### DIRECTIONS
Wherever a picture appears in the listing below, leave it out and reproduce the rest exactly.

### DATASET EXCERPT
....................

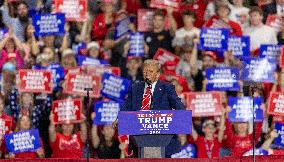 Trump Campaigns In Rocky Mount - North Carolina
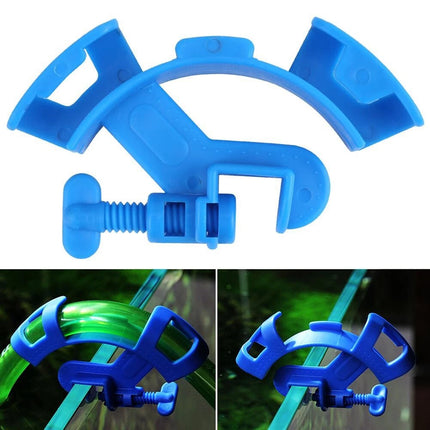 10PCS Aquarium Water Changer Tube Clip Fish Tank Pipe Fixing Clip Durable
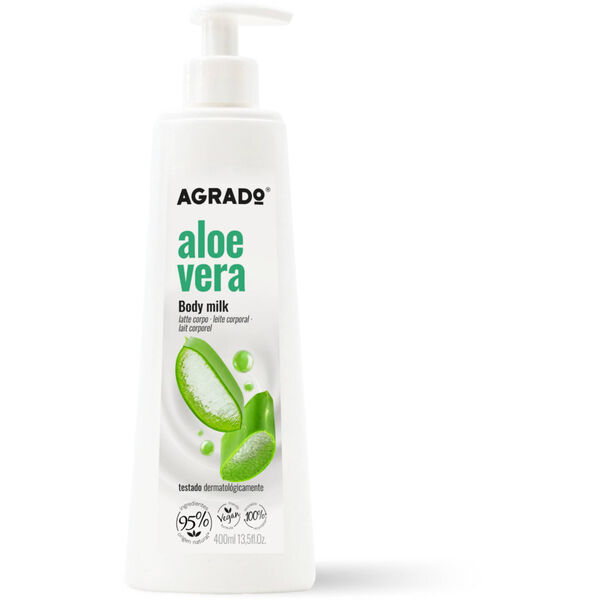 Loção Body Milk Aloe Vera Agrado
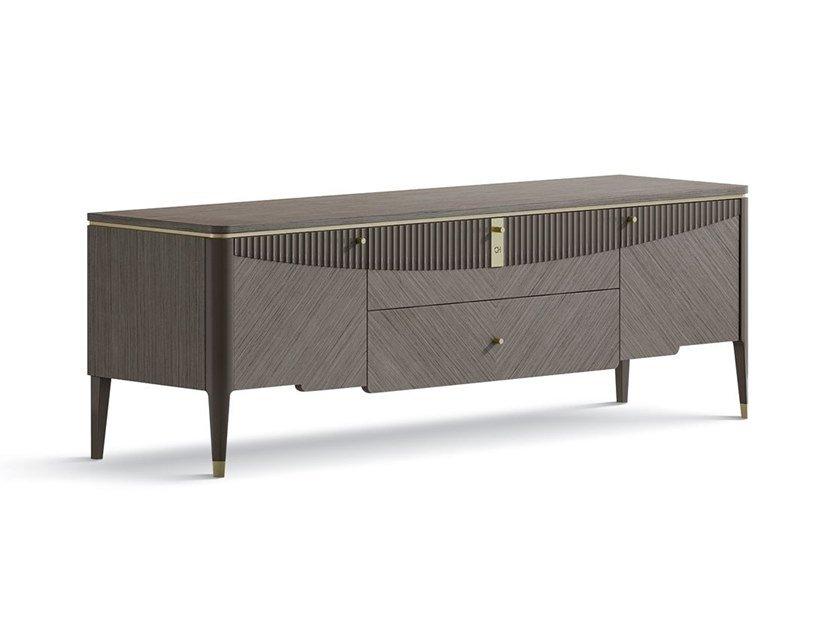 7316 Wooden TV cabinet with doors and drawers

....................

### TASK ANSWER
 Trump Campaigns In Rocky Mount - North Carolina
 10PCS Aquarium Water Changer Tube Clip Fish Tank Pipe Fixing Clip Durable
 Loção Body Milk Aloe Vera Agrado
 7316 Wooden TV cabinet with doors and drawers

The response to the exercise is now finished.